[
https://issues.apache.org/jira/browse/MAPREDUCE-5079?page=com.atlassian.jira.plugin.system.issuetabpanels:comment-tabpanel&focusedCommentId=13608350#comment-13608350
]
Jason Lowe commented on MAPREDUCE-5079:
---------------------------------------
Thanks for taking a look, Bobby. I'll address the missing {{private}}
directive when I update the patch with more unit tests.

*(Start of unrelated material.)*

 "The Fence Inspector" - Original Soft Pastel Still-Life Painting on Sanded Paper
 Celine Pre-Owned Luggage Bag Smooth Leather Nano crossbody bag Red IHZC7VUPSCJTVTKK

Speaking of testing, I did run the test suite under hadoop-mapreduce-client/
and all the tests passed. I also manually tested this by running sleep and
wordcount jobs, kill -9 the MRAppMaster process while the job was running, then
watch the logs of the second attempt as it recovered. I covered the cases of
normal map/reduce task success, a case of speculative attempt, and a map with a
fetch failure that was re-run.
> Recovery should restore task state from job history info directly
> -----------------------------------------------------------------
>
> Key: MAPREDUCE-5079
> URL: https://issues.apache.org/jira/browse/MAPREDUCE-5079
> Project: Hadoop Map/Reduce
> Issue Type: Improvement
> Components: mr-am
> Affects Versions: 0.23.7
> Reporter: Jason Lowe
> Assignee: Jason Lowe
> Attachments: MAPREDUCE-5079.patch
>
>
> We've encountered a lot of hanging issues during MR-AM recovery because the
> state machines don't always end up in the same states after recovery. This
> is especially true when speculative execution is enabled. It should be
> straightforward to restore task and task attempt states directly from the
> TaskInfo and TaskAttemptInfo records in the job history file to avoid relying
> on the task state machines ending up in the proper states with the proper
> number of attempts.
> This should be a more robust solution that would also give us the option of
> recovering start time and log locations for tasks that were in-progress when
> the AM crashed.
--
This message is automatically generated by JIRA.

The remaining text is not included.